I remember that I could chat with people in Asia on my flip phone using MSN messenger in a web browser for hours while keeping up with all the balls and strikes in baseball games, all just using kilobytes of data. Now those same functions on the web using current smartphones would take up GB’s of data in a hurry.
You can’t really use any of today’s smartphones without an unlimited data plan, unless you are very careful not to surf the web and especially not to watch any videos anytime you aren’t on wifi.
> Interestingly enough, we circled back to the mobile web being a trashfire, but at least we can block ads now to make it bearable.
Amusingly, modern mobile opera mini also has one, but then proceeds to inject its own (full screen pop-up) ads.
I remember when Opera was cool, back when they had their own engine. They even sponsored an MMA fighter.
I remember running it on my old Palm Treo 700p. It was cool, but it was slooooow, even when that hardware was still considered fancy.
I think I still have it in a drawer somewhere, but I’d be surprised if the battery will hold a charge.
Treos, like anything else from the US at the time, was crap.
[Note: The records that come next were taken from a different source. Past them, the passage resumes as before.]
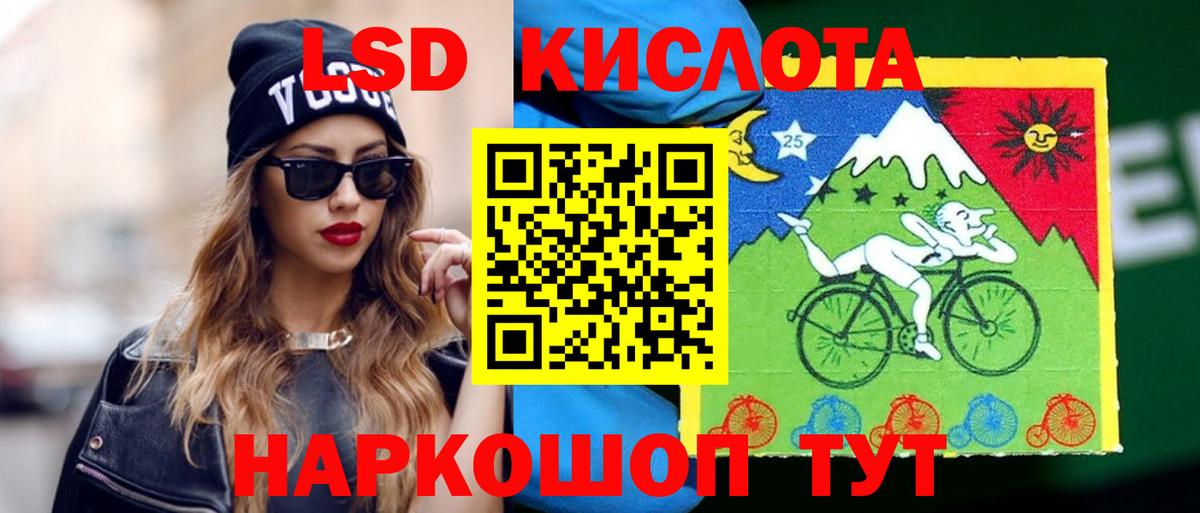 ЛСД экстази кислота  Вход с VPN  ЛСД экстази ecstasy  Богородск 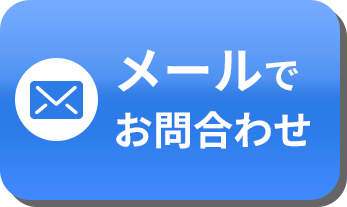 メールでお問合せ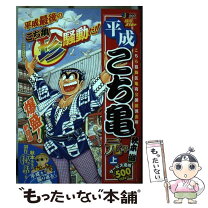 楽天市場】こち亀 ジャンプリミックスの通販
Nice but crap.
Yet Operamini was (by far) the best browser available for the platform, for sure it was the fastest one.
I even used Operamini for PalmOS inside WebOS just because even with the emulator in the middle it was still the best browser available when the Palm PRE was released
I read OSnews since the dawn of time, albeit I never posted too much here, and I share Thom’s ideas almost always.
With one exception, his longstanding and evident bias againist Opera (and now Vivaldi) drives me crazy.
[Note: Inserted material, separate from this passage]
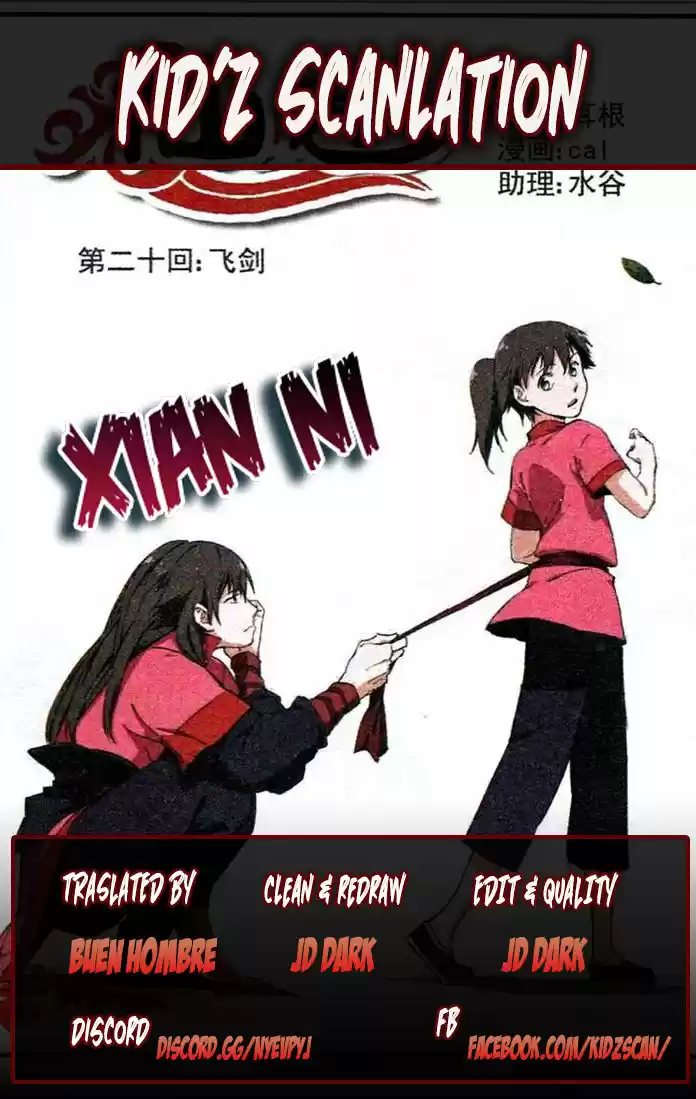 Xian Ni: Chapter 122 - Page 1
Opera (I mean the real, presto based thing) was the best browser out there, period.
Almost all the useful things that in 2025 are considered normal originated there, and were slowly cloned by all the competitors .
Tabbbed browsing, the sppped dial, the synced bookmarks/settings, the zoommable pages, the integrated email client, and so on, I could continue for a day listing.
Speaking of OperaMini it was literally a revolution, its the single thing that brought the Web in the pocked of everyone.
Literally everyone.
I remember when, during a long train journey, my P800 smarpthone (the very first real smartphone) ran out of power and I booked the next train using my mom’s Siemens SL55 (one of the smallest cellphone ever) and I did thanks operamini.
NOTHING at the time was remotely close, there were some browser for Palmos that anticipated the concept of pages rendered on the server side, but they were next to useless.
Operamini just worked and it it did using an incredible smll amount of resources.
I think the first releases were less than 10K (YES Kilobytes), and the data compression allowed to use it not Just with the then bleeding edge GPRS connections but even with older Dialup ones that at ran at the incredible sppeed of 9600 (14400 later) bps.
And BTW it wasn’t a “flipphone” thing only, for a while it was the best way to browse the web on Android as well, and even today, with many Smartphones coming with more power and more RAM than an average PC from just few years ago, Operamini is a life savior when the 3/4/5G network is down and you have to use the 2G as a fallback.
So please Thom, Give back to Caesar what is Caesar’s, Operamini wasn’t a curiosity. It was a RE-VO-LU-TION. It was a milestone, it was one of the most important SW released in tree decades.
The same league of Win95, IOS, Linux and alike…
Hear, hear.
I still had Opera Mini installed until about 2020 to use their 90% data saving feature for train journeys with bad reception.
And the original Presto Opera for desktops is still unsurpassed in terms of features and innovation. The Greatest of All Time. It really is a shame they didn’t open source the engine.
For the record there is a modded Opera 12 that, when released, was usable in 95% of websites.
Now it’s years since that release, but it still works in a good share of the WEB, the major fixes about SSL/TSL ciphers and alike are still valid today.